If you are limiting yourself to displaying a single email, name, website, etc. for each person in this query, I'd use subqueries:
SELECT cp.ID profile
,cp.Name
,(SELECT value FROM contact_attributes WHERE type = 'email' and profile = cp.id) email
,(SELECT value FROM contact_attributes WHERE type = 'website' and profile = cp.id) website
,(SELECT value FROM contact_attributes WHERE type = 'phone' and profile = cp.id) phone
FROM contact_profiles cp
If you're using SQL Server, you could also look at PIVOT.
If you want to show multiple emails, phones, etc., then consider that each profile must have the same number of them or you'll have blanks.
I'd also factor out the type column. Create a table called contact_attribute_types which would hold "email", "website", etc. Then you'd store the contact_attribute_types.id integer value in the contact_attributes table.
You will need to generate a query like:
select #profile,
max(case when type='email' then value end) as email,
max(case when type='name' then value end) as name,
max(case when type='website' then value end) as website
from mytable
group by #profile
However, that will only show one value for each type per #profile. Your DBMS may have a function you can use instead of MAX to concatenate all the values as a comma-separated string, or you may be able to write one.
This kind of data model is generally best avoided for the reasons you have already mentioned!
You create a view for each contact type
When you want all the information you pull from the entire table, when you want a subset of a specific contact type, you pull from the view.
I'd create a stored procedure that takes the intent {all, phone, email, address} as one of the parameters and then derive the data. All my app code would call this stored procedure to get the data. Also, when a new type is added (which should be very infrequently, you create another view and modify only this sproc).
I've implemented a similar design for multiple small/med size systems and have had no issues.
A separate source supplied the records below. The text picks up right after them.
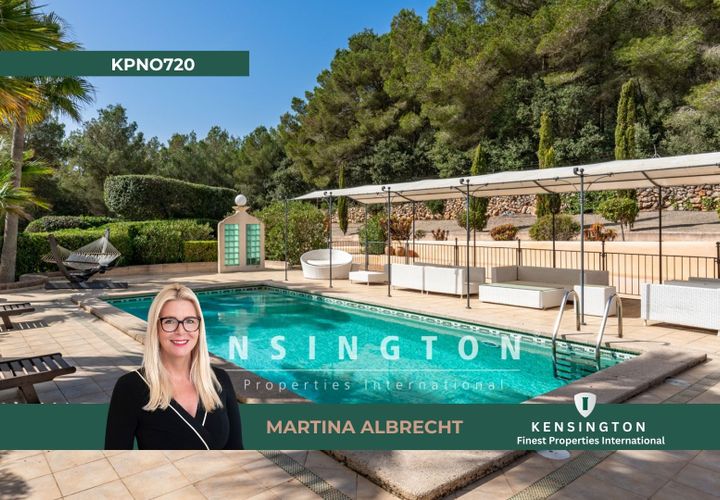 Landejendom i Capdepera, Mallorca, Capdepera - € 1.975.000 | Ref: KPNO720 - foto 1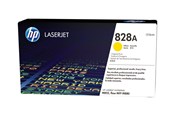 Druckerzubehör - Tinte & Toner - HP 828A / CF364A Yellow Drum Imaging Kit - CF364A
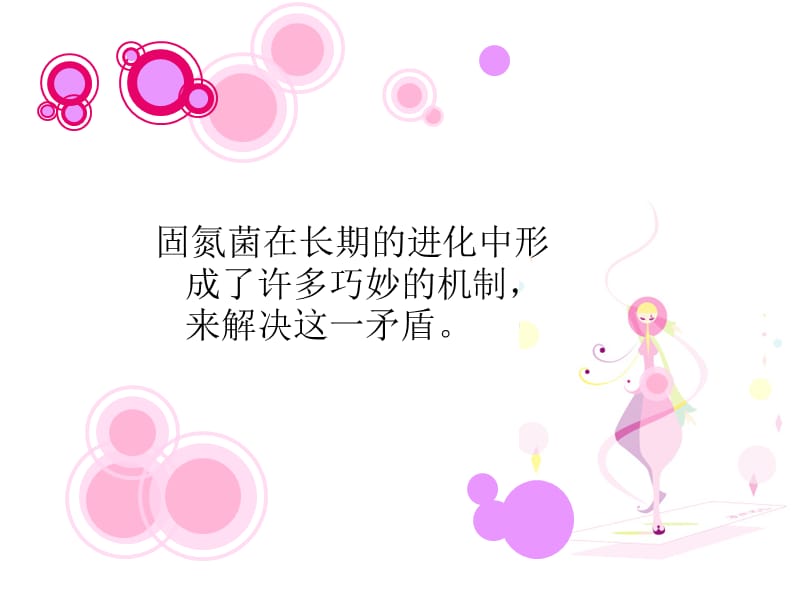 固氮菌的防氧保护机制.ppt_第3页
Am I missing something? This seems trivial?
EDIT:
I see what I was missing... You are trying to be normalized and denormalized at the same time. I'm not sure what the rest of your business rules are for pulling records. You could have profiles with multiple or null values for phone/email/addresses etc. I would keep your data format the same and again use a sproc to create the specific view you want. As your business needs change, you leave your data alone and just create another sproc to access it.
There is no one right answer for this question, as one would need to know, for your specific organization or application, how many of those contact methods the business wants to collect, how current they want the information to be, and how much flexibility they are willing to invest in.
Of course, many of here could make some good guesses as to what the average business would want to do, but the real answer is to find out what your project, what your users, are interested in.
BTW, all architecture questions about "best"-ness require this sort of cost, benefit, and risk analysis.
Now that the approach of document-oriented databases is getting more and more popular, one could use one of them to store all this information in one entry - and therefor deleting all those extra joins and queries.